Some may still prefer corporate employment with clear check in and check out times and potential to make big bucks. However, it is worth noting that the role of a psychiatrist is being reduced to ''provider'' or even worse ''medication manager'' day by day. In fact, one of those tele health start ups which primarily provide employee behavioral health services has recently approached me for a part time gig. Their website clearly states they have two types of behavioral health providers ; ''counselors'' and ''medication managers'', under which you can see the names of board certified MD`s/DO`s.

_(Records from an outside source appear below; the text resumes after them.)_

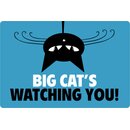 Schild Spruch Big Cats watching you! 20 x 30 cm 
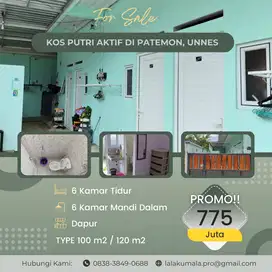 Butuh Investor! Rumah Kos 6 Kamar Dekat UNNES, Tinggal Terima Hasil!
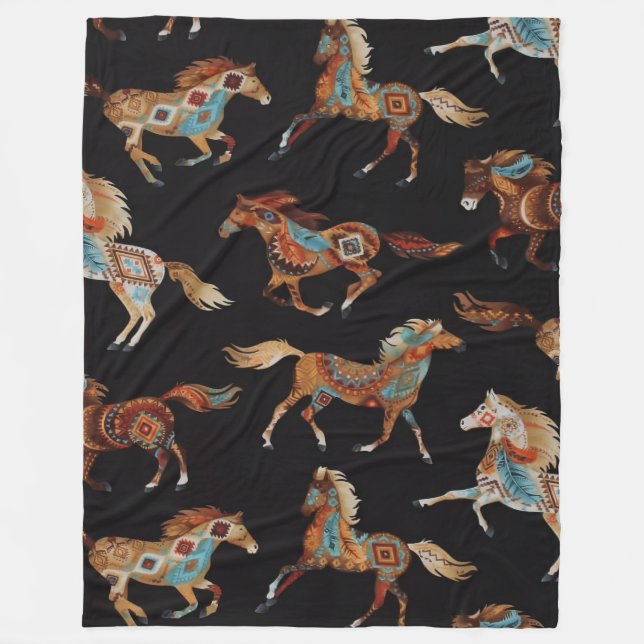 Manta Polar Painted Ponies Fleece Blanket (Anverso)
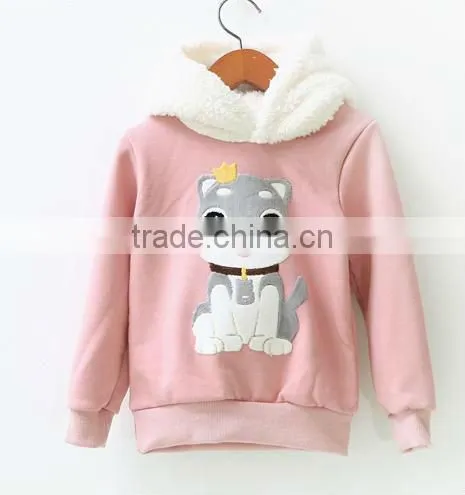 korean long sleeves hooded for little kids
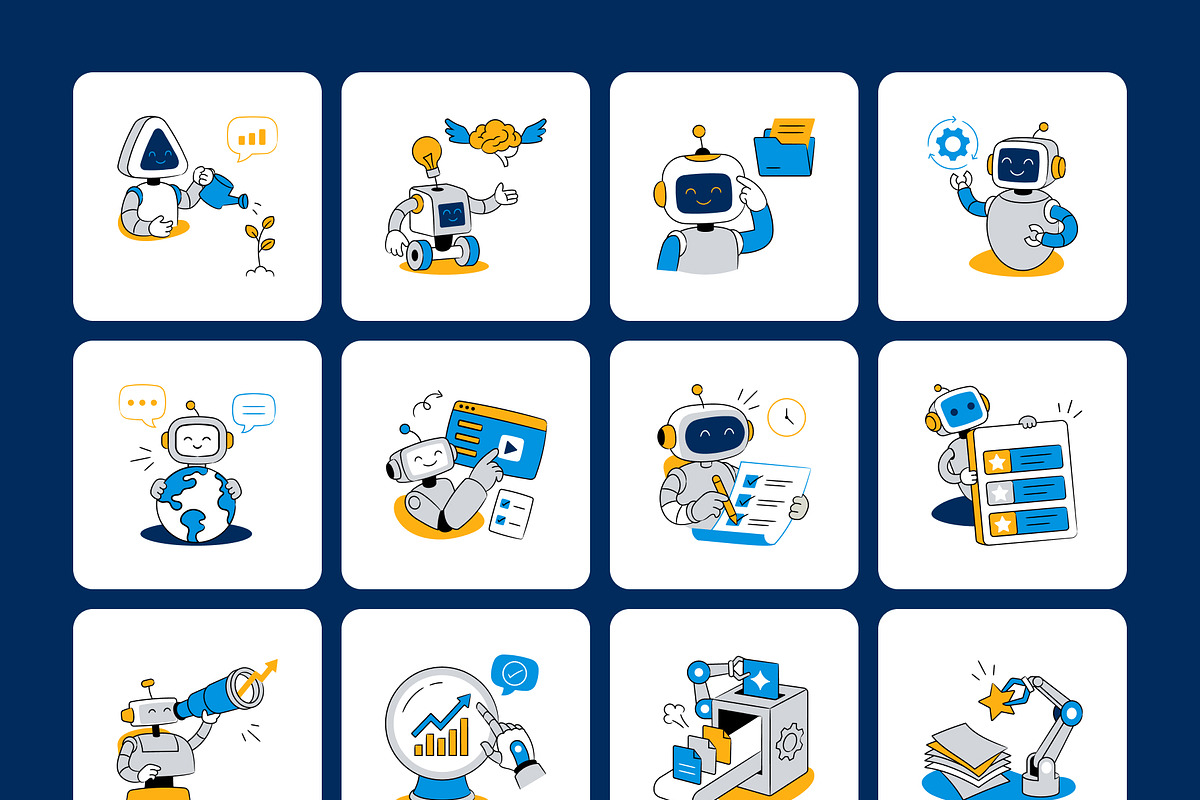 99 AI Flat Illustrations, a Technology Illustration by Vectors Market (Photo 10 of 11)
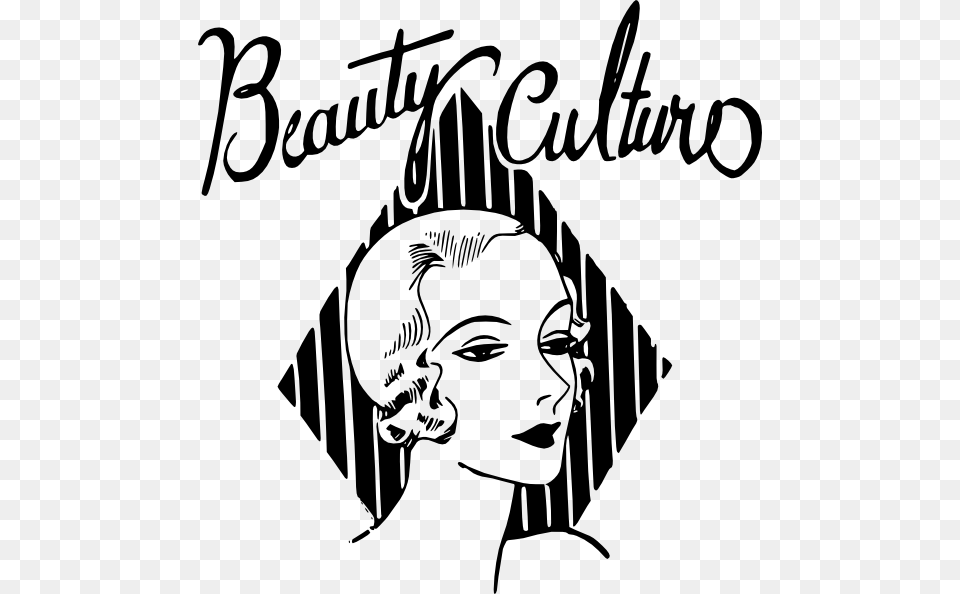 Art Deco Woman Vector, Person, Face, Head, Stencil Png Image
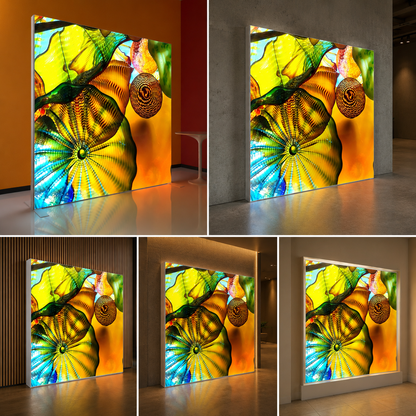 Premium LED Fabric Lightbox Display Wall | Backlit Exhibition Display Panel for Retail, Events & Branding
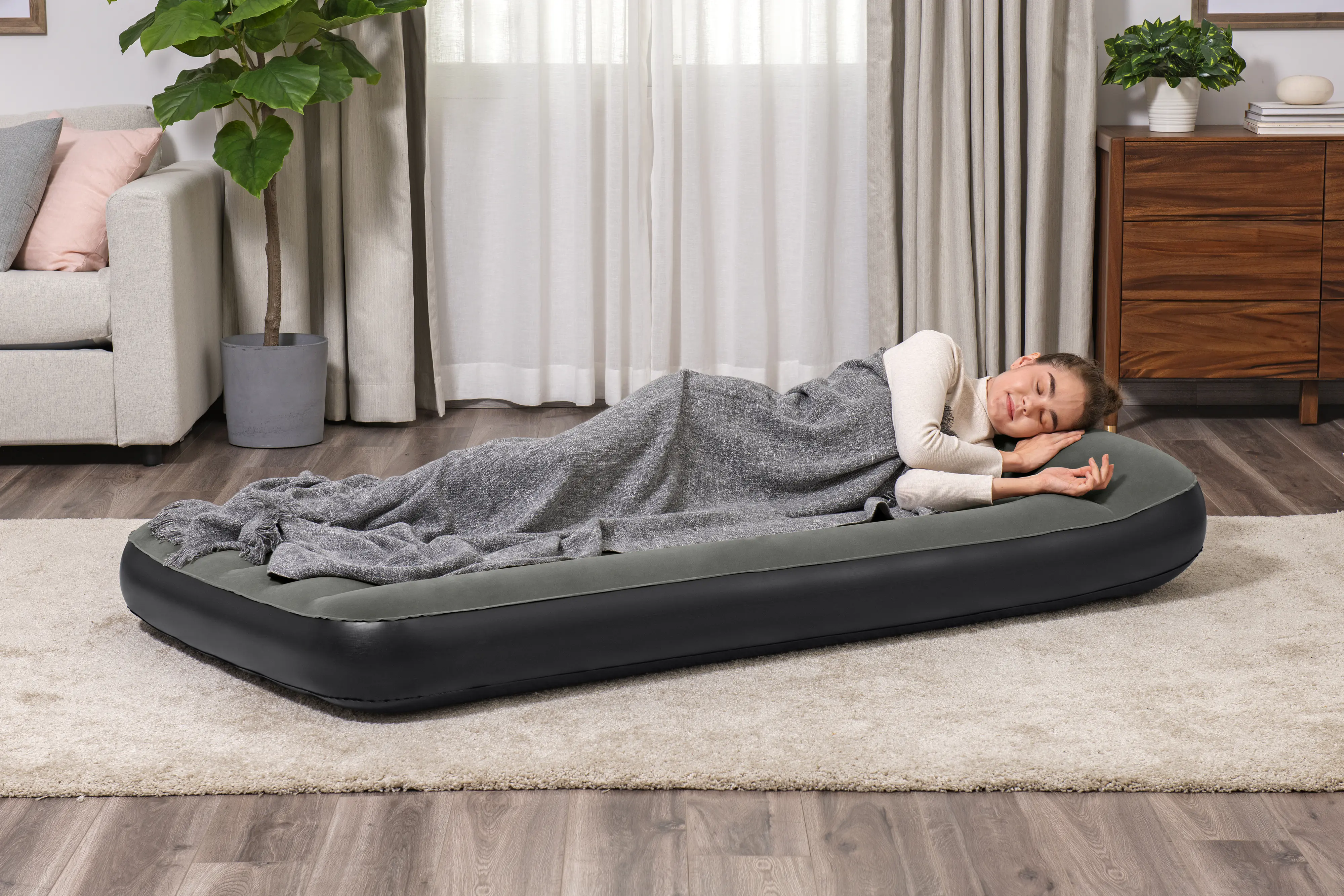 Bestway Luftbett dunkelgrau 188 x 99 x 30 cm Bestway Luftbett dunkelgrau 188 x 99 x 30 cm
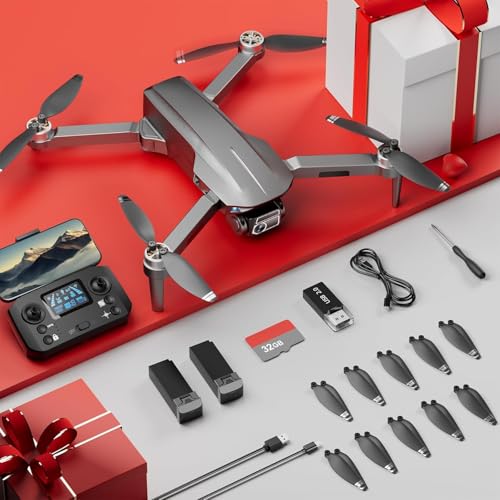 Drone with Camera for Adults Beginner 4K,52-Min Max Flight Time,10000 Feet Control Range,249g Foldable FPV RC Quadcopter,Smart Return Home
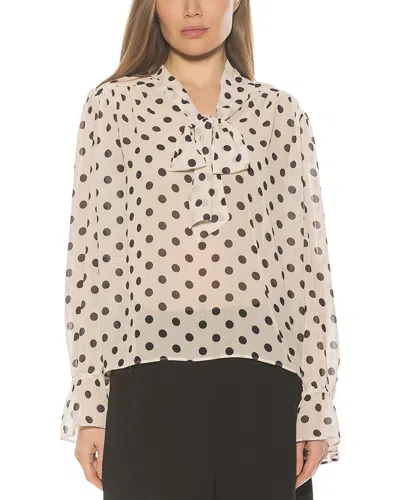 Alexia Admor Lin Blouse In Neutral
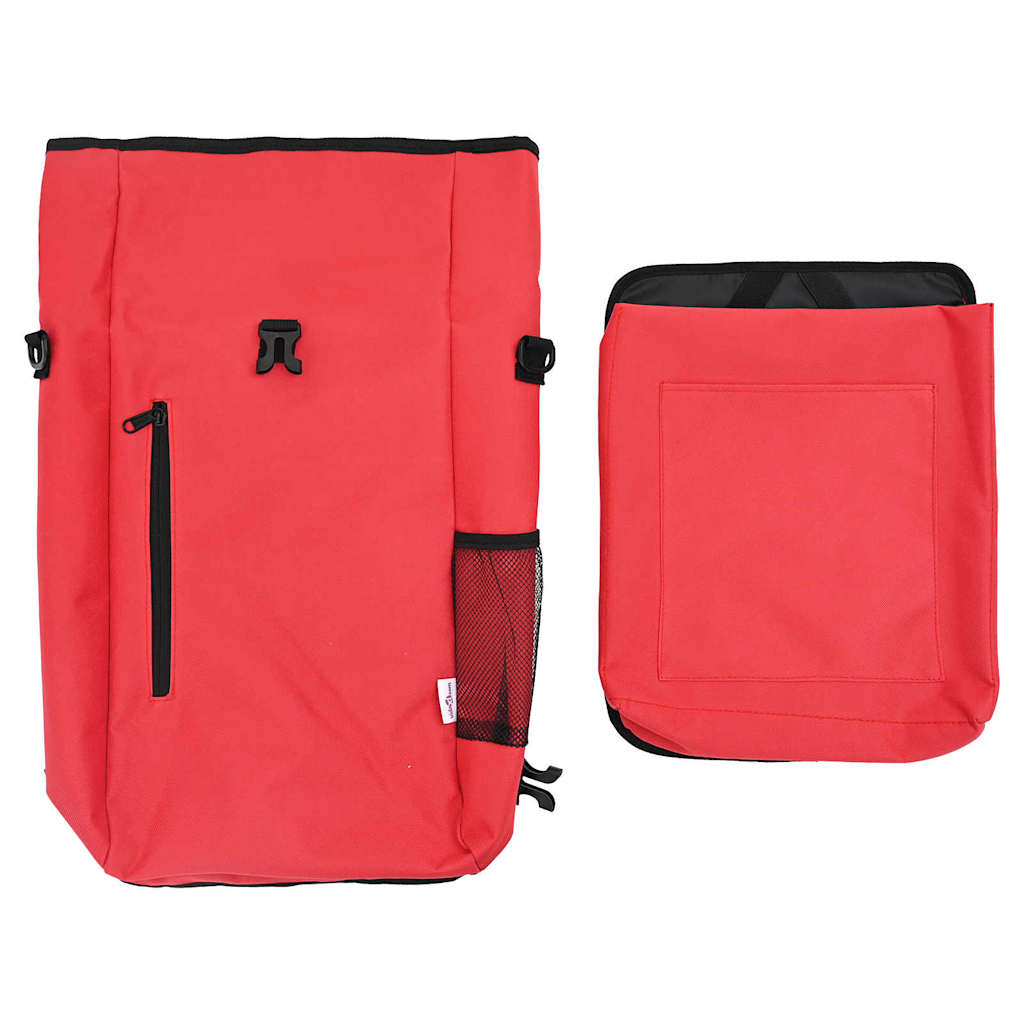 vidaXL Torba rowerowa Czerwony 31 x 13 x 58 cm Poliester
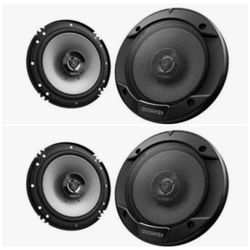2x Pairs Of Kenwood 6½" Speakers 
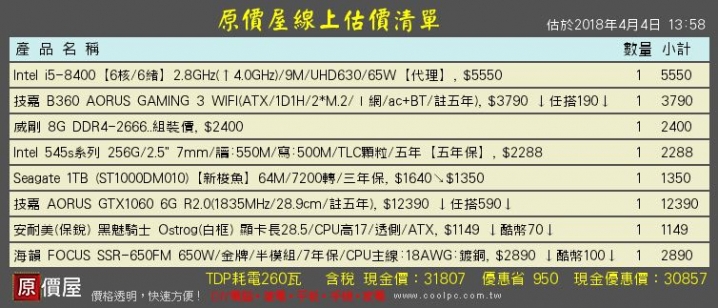 想組中階主機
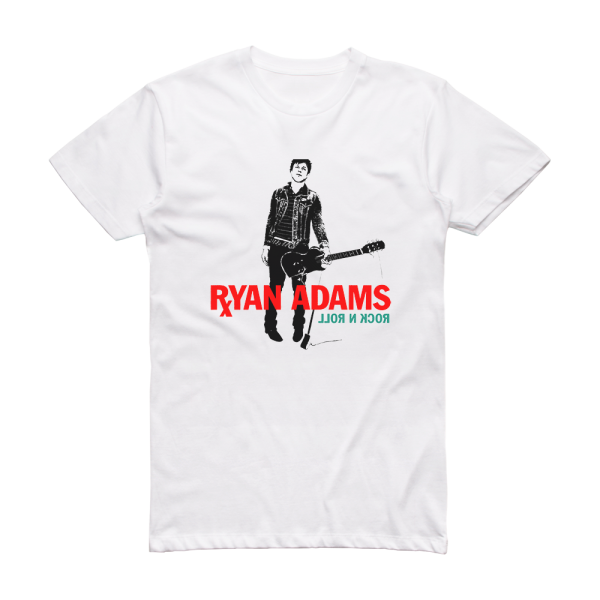 Ryan Adams Rock N Roll 2 Album Cover T-Shirt White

A role of a psychiatrist has been becoming more and more of a ''medication manager'' middle man within the complex wrap around behavioral health services. We have been approaching the last days of a romantic era in which the psychiatrist was the leader of a treatment team.
So much more chill than where I did residency. Academic gigs there were long ours, attendings were typically called at least once a night, and low pay. I like my current job, but just good to hear there are more balanced academic opportunities.